--- Goal of the exercise ---
Leave the pictures out, and transcribe the material below exactly from the line with "Mesa rectangular de samán para 8 puestos" to the line with "Ninja Creami Strawberry Frozen Yogurt", both lines included.

--- Stored data ---
----
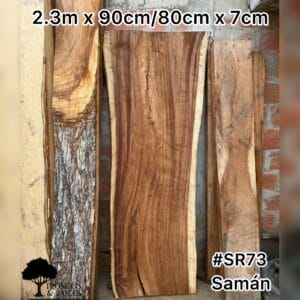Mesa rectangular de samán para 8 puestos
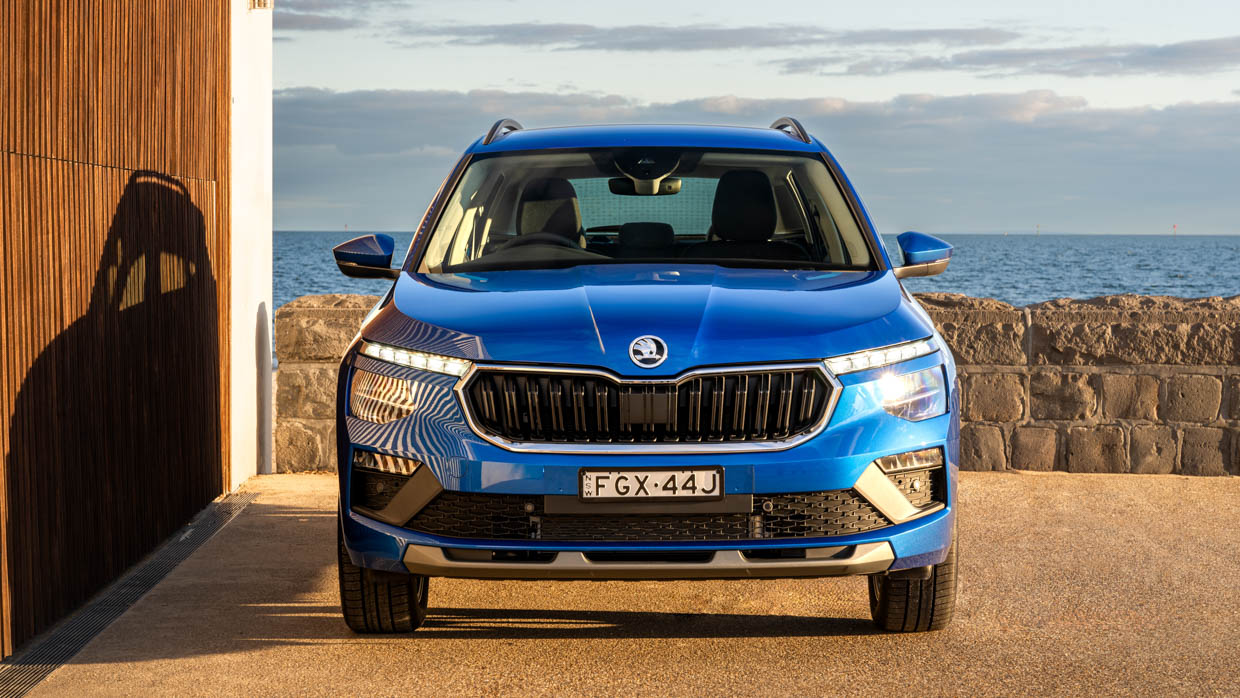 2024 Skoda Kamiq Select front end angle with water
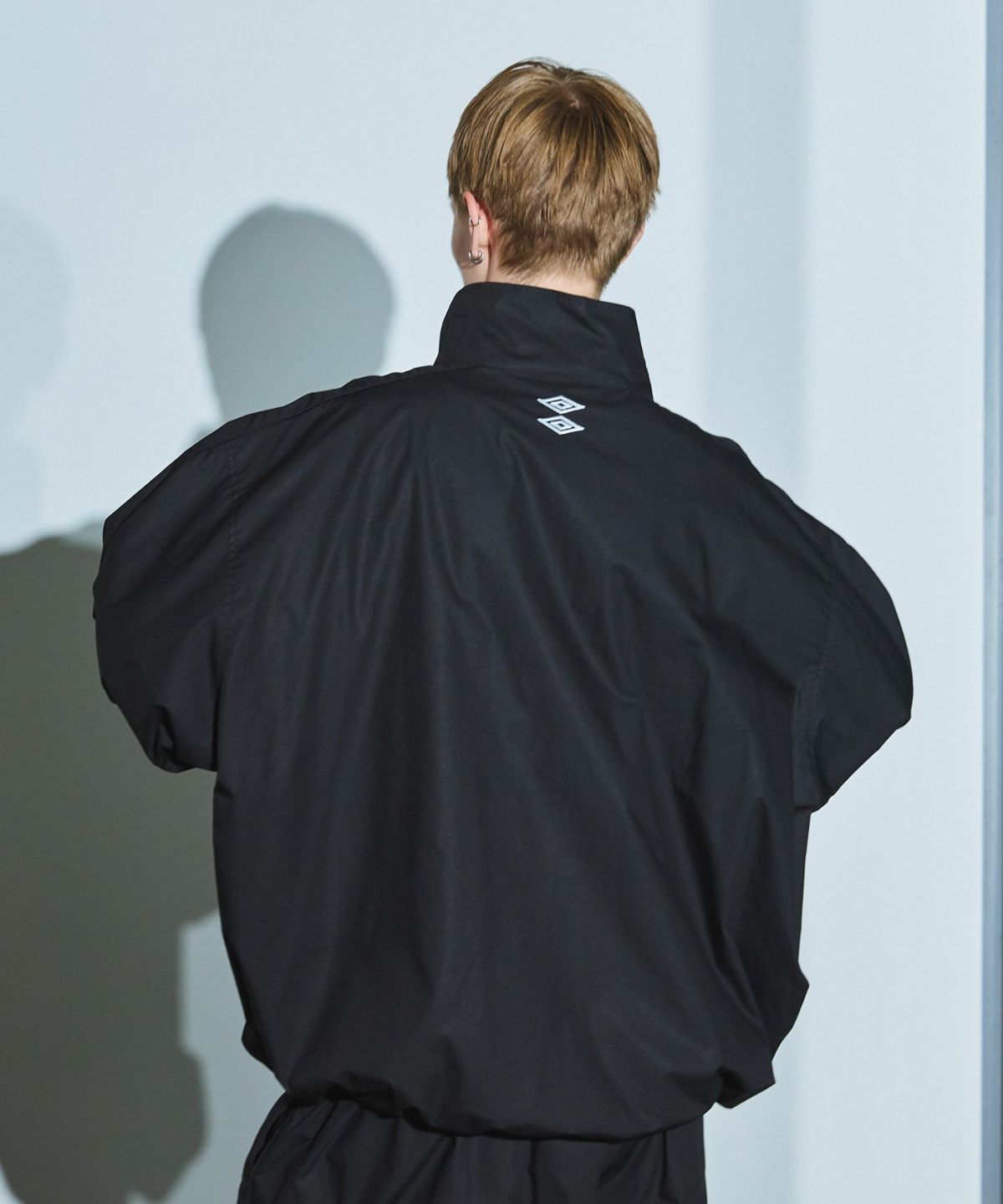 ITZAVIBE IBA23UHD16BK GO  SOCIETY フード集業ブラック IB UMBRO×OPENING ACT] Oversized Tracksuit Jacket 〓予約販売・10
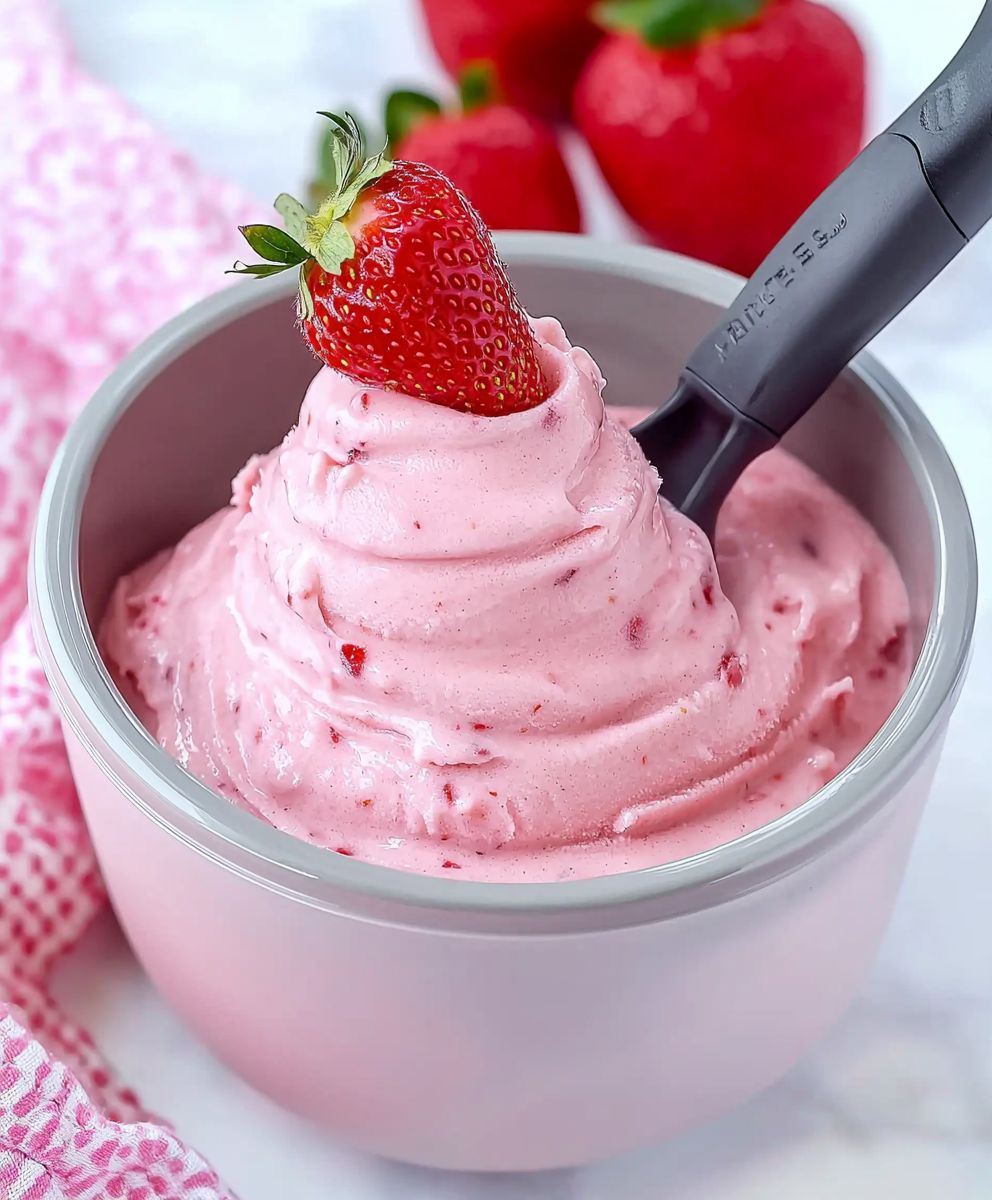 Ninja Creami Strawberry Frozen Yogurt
----
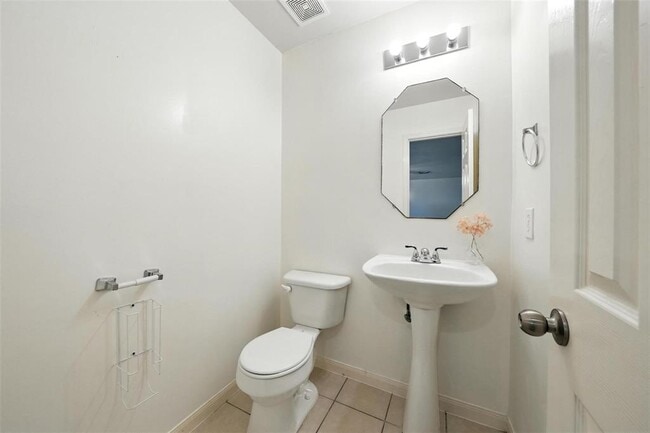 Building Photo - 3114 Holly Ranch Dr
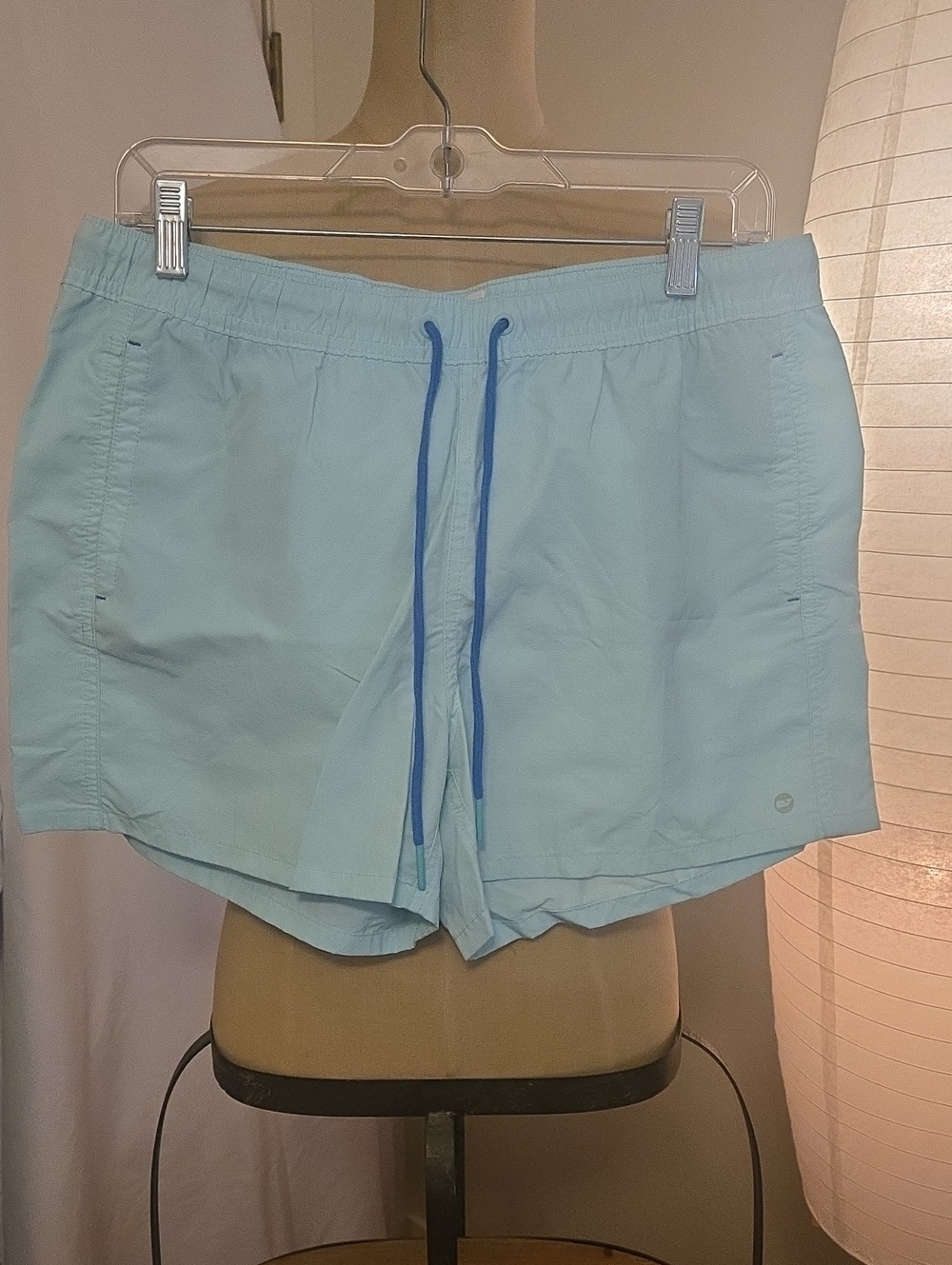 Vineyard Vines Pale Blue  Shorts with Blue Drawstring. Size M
----
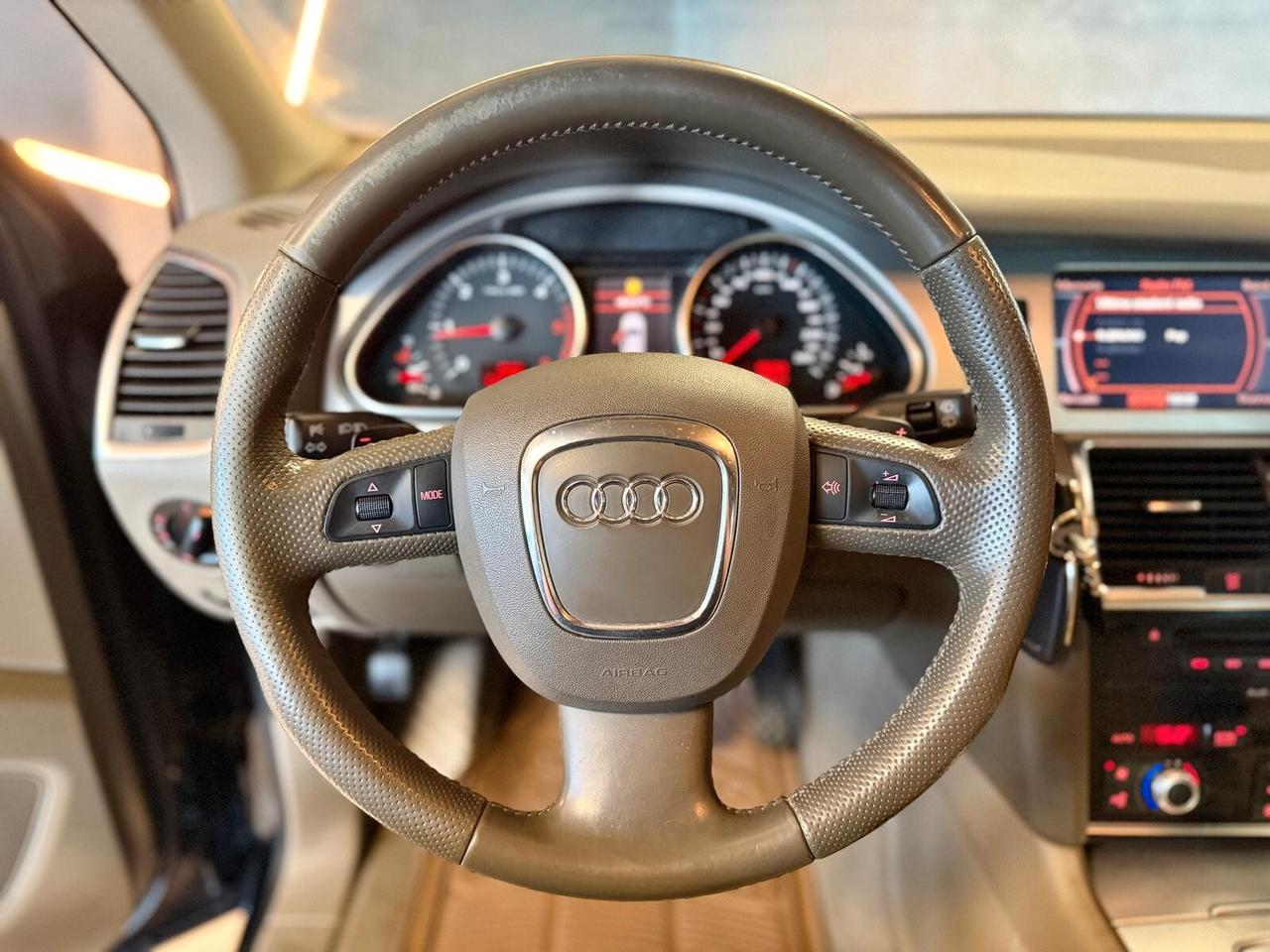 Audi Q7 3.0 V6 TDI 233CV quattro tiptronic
----
--- Your solution ---
Mesa rectangular de samán para 8 puestos
 2024 Skoda Kamiq Select front end angle with water
 ITZAVIBE IBA23UHD16BK GO  SOCIETY フード集業ブラック IB UMBRO×OPENING ACT] Oversized Tracksuit Jacket 〓予約販売・10
 Ninja Creami Strawberry Frozen Yogurt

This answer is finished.